On November 2, when CU time Learning of the layoffs for the first time, we reached out to PenFed for comment and received a statement from PenFed Vice President of Corporate Communications, Kassandra Sebastia. It read, “PenFed makes business decisions to better serve and bring value to our members. This includes making strategic changes due to the economic climate and market developments. We support affected employees through their transition and treat them with respect and care. »

PenFed has not confirmed the number of laid off employees, their positions or their locations. Although PenFed has not publicly provided such details, two credit unions have proactively shared layoff notices with the public in recent months.

In September, the $10.6 billion GreenState Credit Union at North Liberty, Iowa announced that it had laid off 42 employees due to “market corrections and rising interest rates”. Most of the workforce reductions have been in GreenState’s mortgage or commercial banking operations.

In October, the $1.5 billion Collins Credit Union in Cedar Rapids, Iowa announced that it has laid off 38 employees due to lower consumer demand for mortgages and refinancing.

According to documentation and interviews, PenFed layoffs occurred in at least seven states. These states included California, Nebraska, North Carolina, Florida, Arizona, Texas, and Idaho. CU time searched each state’s database for official documentation of layoffs.

No layoffs by PenFed have been reported in any of the listed states, and this may be due to a reporting law that has not been enacted consistently across all states.

The Worker Adjustment and Retraining Notification (WARN) Act requires employers with 100 or more full-time employees to provide written notice at least 60 calendar days before a job site closes to their employees and to employment agencies across the country. Status when it affects 50 or more employees. , or a mass layoff affecting at least 50 employees and one-third of the total jobsite workforce or 500 or more employees at the job site alone during a 90-day period, according to the U.S. Department of Labor.

State agencies post these written notices on their websites.

While many states follow the requirements of the federal WARN law, some states have enacted layoff notice laws that differ somewhat from federal laws, according to the Lunt Group, a company based in Sandy, Utah. , which publishes information regarding federal and state employment laws.

It should be noted that not all dislocations require 60 days notice.

According to the Department of Labor, the WARN Act provides certain exceptions to the requirements where employers can prove that layoffs or job site closures are occurring due to business failures, unforeseen business circumstances and natural disasters. In such cases, the WARN Act requires employers to give their employees as much notice as possible.

CU time not sure why no WARN notices have been posted as of the date of this posting.

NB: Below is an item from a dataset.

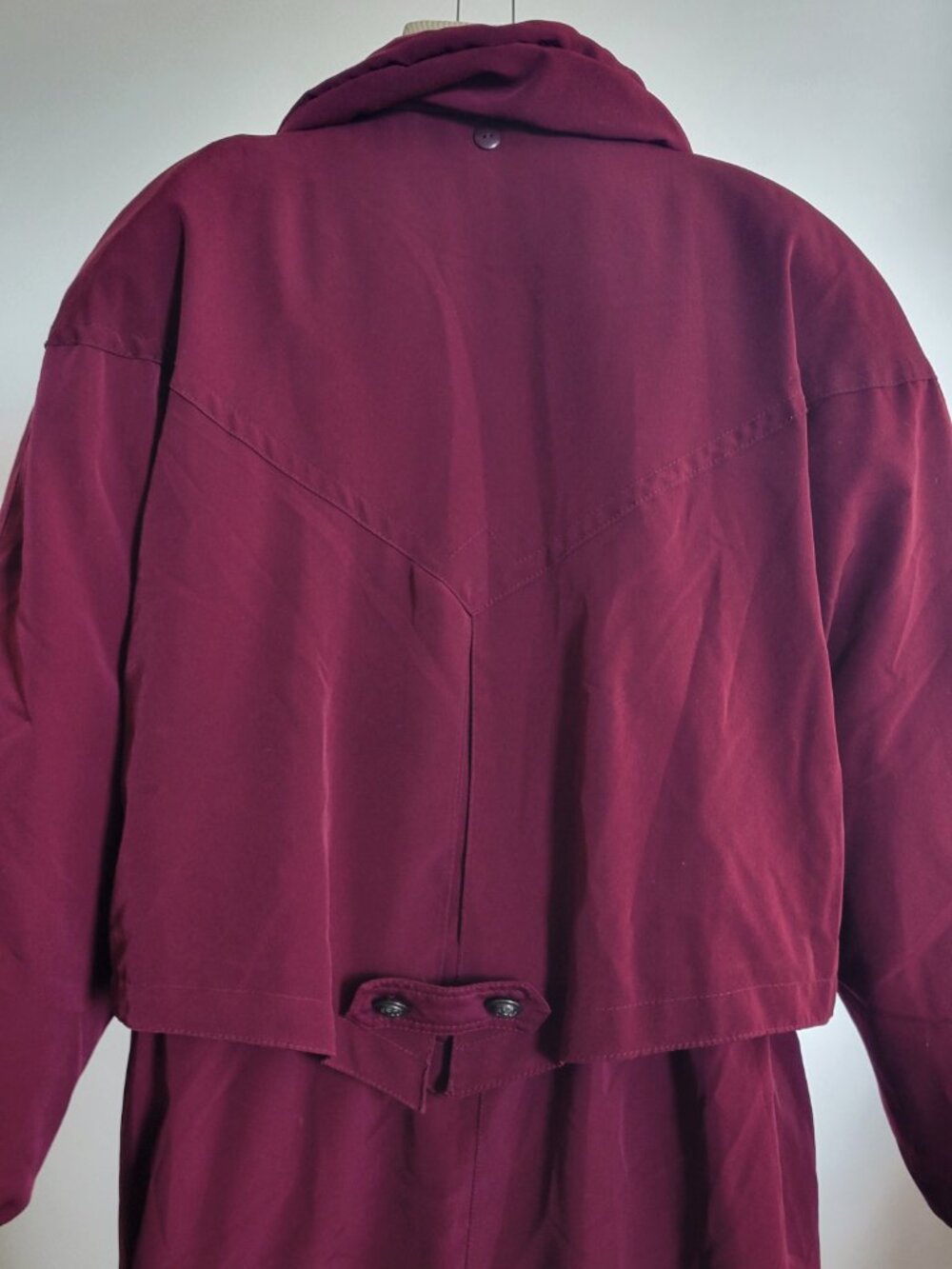 Neiman Marcus Maroon Long Hooded Down Puffer Coat Size M - Picture 4 of 16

One reason appears to be that fewer than 50 PenFed employees have been laid off in each of the seven states listed.

CU time contacted some employees who were laid off on November 1 – all of whom wished to remain anonymous for fear of losing their severance pay.

One employee said PenFed ‘changed my life for the better’, but how they were treated in the end ‘didn’t make sense’ because they were ‘making a lot of money for the credit union’ and had only received 30 days allowance.

In a message to CU timea former employee said, “The right thing to do would be to give us an extra month (60 days in total) to get us into this new year given the timing, the industry climate and the holiday season .

Over the past two weeks, former employees have been posting information about the layoffs on, LinkedIn and private Facebook groups.

The messages included statements such as “I will miss this job”. Others said, “Families don’t have layoffs. Protect PenFed Jobs!

According to documentation CU time read, many employees who have been terminated are “eligible to apply for positions within PenFed.”